Sunday, February 04, 2007

Social Media is Now Mainstream Media

The rise of social networking websites has been pushing everything else off the main stage. I'm referring to blogs, wiki's, RSS feeds and websites such as YouTube, MySpace, Flickr and now Facebook. These user controlled tools and websites are proliferating the Internet and the way an individual uses the Internet.

Traditional media has been playing a catch up game. They too want a piece of the puzzle. News has shifted from institutional control to consumer control. What we want and when we want it. No one is telling us what to read. We pick what we read.

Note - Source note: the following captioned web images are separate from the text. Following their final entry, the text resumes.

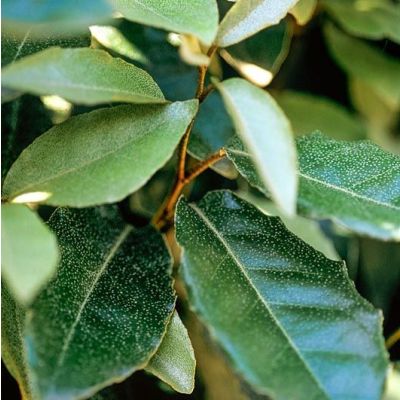 Elaeagnus ebbingei Compacta-Compact Oleaster, shrub form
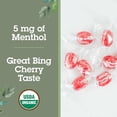 thumbnail image 3 of (Pack Of 6) Quantum Lozenges CGH Relief Cherry 18 Each, 3 of 4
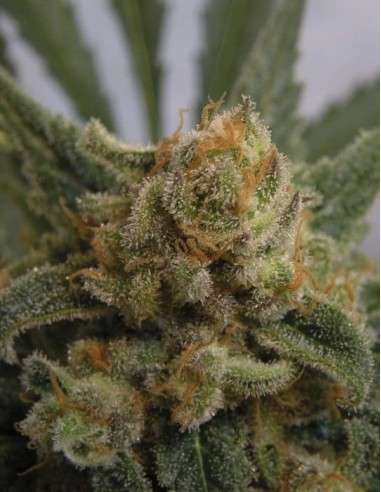 RIPPER SEEDS - Grapegum - 1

But what really tells us that social media is changing how we communicate?

Mainstream media is changing how it provides the news to its audience. According to Google Trends, podcast is a highly popular search term. Newspapers and magazines are turning to blogs to reach a new audience. And YouTube is the number one social video sharing website on the internet with 65,000 videos uploaded every day.

This makes me wonder, what else can mainstream media do to grab the attention of the social networking audience?

Get in on the fun!

Canada's Sunsilk branch hired a group of actresses to create a video where a bride turns to bridezila over a bad hair-do. The video Bride Has Massive Hair Wig Out was developed to generate millions of dollars in free publicity for the brand.

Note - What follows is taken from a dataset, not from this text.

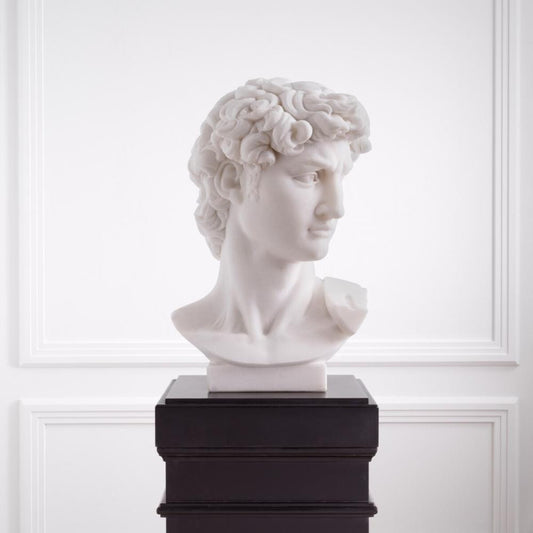 Eichholtz Head David, Eichholtz 117079 YV0J044THC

Why fool the audience? Is Sunsilk trying to cash in on the highly populated network? Do they actually think this will make you go out and buy their product?

I stumbled on a website, The Consumerist: Shoppers Bite Back, where three companies have been nominated for Best Flog 2006.

The contenders: Wal-Mart for an employee praising her boss.
McDonald's: Promoting the Monopoly game with a video (flog) and another flog written by a Monopoly winner praising how her life changed.
Sony: A flog all about wanting PS3 for Christmas.

And the winner is Sony, who takes the golden poo (yes, an actual poo).

When will marketing firms realize that trying to reach this younger "techy" generation in a "unique" way is not going to work especially if you are found out. It's not cool trying to pretend you are 20-something. Consumers are going to "bite" back and not buy into your marketing scheme. Time to find another means of getting your product exposed. Leave the social networking world alone.